At the recent conference Novembergruppe 2018 (Dessau, March 3, 2018), PI Francesco Finocchiaro held a lecture on the role of musical metaphors in the aesthetic reflections that lie at the foundations of abstract cinema. In his paper, Dr. Finocchiaro described Walter Ruttmann’s Lichtspiel Opus 1 as the result of an inherently metaphorical creative process: a painted paraphrase of rhythm and musical phrasing that confers the cinematic work the content and character of a musical piece.
F. Finocchiaro, ‘Der absolute Film’: The Role of Musical Metaphors in the Aesthetic Manifesto of Abstract Cinema, Symposium Novembergruppe, Dessau, March 3, 2018.
The English-language monograph Musical Modernism and German Cinema from 1913 to 1933 has been published in the book series “Film and Television Studies” by Palgrave Macmillan, UK.

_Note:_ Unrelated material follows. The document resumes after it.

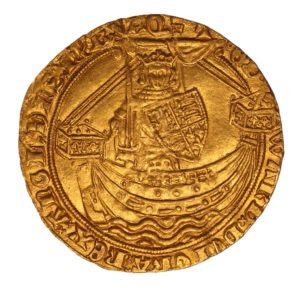 Edward III AD 1327-1377 Gold Noble Treaty Period London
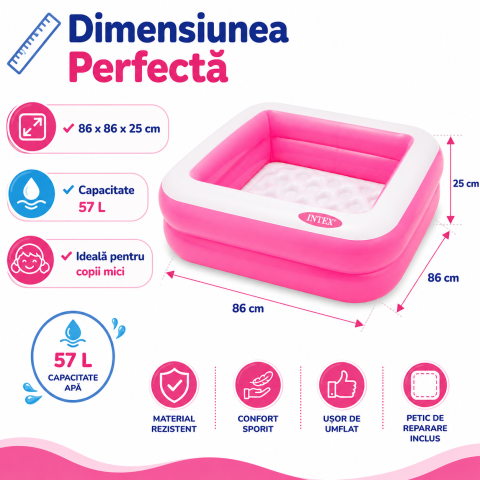 piscina-patrata-pentru-copii-intex-roz-86x86x25cm [2]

Finocchiaro’s study delivers compelling insights into the relationship between Musical Modernism and German silent and early sound cinema. Approaching cinema from the vantage point of its engagement with modernist composers manages to move beyond the boundaries between “high” and “low” art, opening up the wider field of the cultural status of cinema in relation to coexisting art forms at a crucial historical moment.
Anna K. Windisch, University of Salzburg, Austria. Co-Editor of The Sounds of Silent Films. New Perspectives on History, Theory and Practice, 2014
Francesco Finocchiaro, Musical Modernism and German Cinema from 1913 to 1933, Basingstoke, Palgrave Macmillan, 2017.
During the silent era, as known, the accompaniment music for film projections was in an extremely precarious state. Nevertheless, film theory assigned to music an essential role, often describing the ‘tenth Muse’ as a daughter of the more ancient and noble ‘art of sounds.’ The idea of an ‘elective affinity’ between music and cinema found a theoretical systematization within the writings by Georg Otto Stindt (1924), Béla Balázs (1924), and Hans Erdmann (1927), who identified the rhythmic dimension as the trait d’union between these two forms of art.
Francesco Finocchiaro, “Im Anfang war der Rhythmus”. Aesthetic Abstractions in the Film Music Composition of the 1920s, 17th International Music Theory Conference, Lithuanian Academy of Music and Theatre, Vilnius, November 8–10, 2017.
The FMJ research project has been represented at the recent Transnational Opera Studies Conference in Bern, on July 5-7, 2017.
Dr. Francesco Finocchiaro reported on ‘Cinema and Musical Theatre in the Weimar Republic’, elaborating on Kurt Weill’s Royal Palace
and Alban Berg’s Lulu
as two paradigmatic instances of medial combination.
The paper focused on dramaturgical and aesthetical issues related to the cross-pollination between old and new medial languages in the Weimar era theatre.
F. Finocchiaro, Cinema and Musical Theatre in the Weimar Republic: Two Case Studies, 2nd Transnational Opera Studies Conference, Bern, July 5-7, 2017
At the recent conference When Jazz Meets Cinema (Lovere, May 5-7, 2017), Francesco Finocchiaro and Leo Izzo held a lecture on jazz numbers in Gottfried Huppertz’s score for Metropolis (1927) by Fritz Lang. The paper gave rise to a lively discussion that addressed many issues concerning the reception of the jazz music in Europe between the two world wars.
Francesco Finocchiaro & Leo Izzo, ‘Metropolis’ di Fritz Lang: la città del futuro nell’età del jazz, International Conference “When Jazz Meets Cinema”, May 5-7, 2017, Lovere (BG)
At the forthcoming International Conference When Jazz Meets Cinema, May 5-7, Lovere (BG), Project Leader Francesco Finocchiaro, together with jazz scholar Leo Izzo, will give a lecture on Gottfried Huppertz’s original score for Metropolis (1927) by Fritz Lang.
In their four-hand paper, Finocchiaro and Izzo will deal with two remarkable film scenes accompanied by jazz music. The analysis will focus on the symbolical meaning associated with jazzy sound and language in the music accompaniment for silent movies.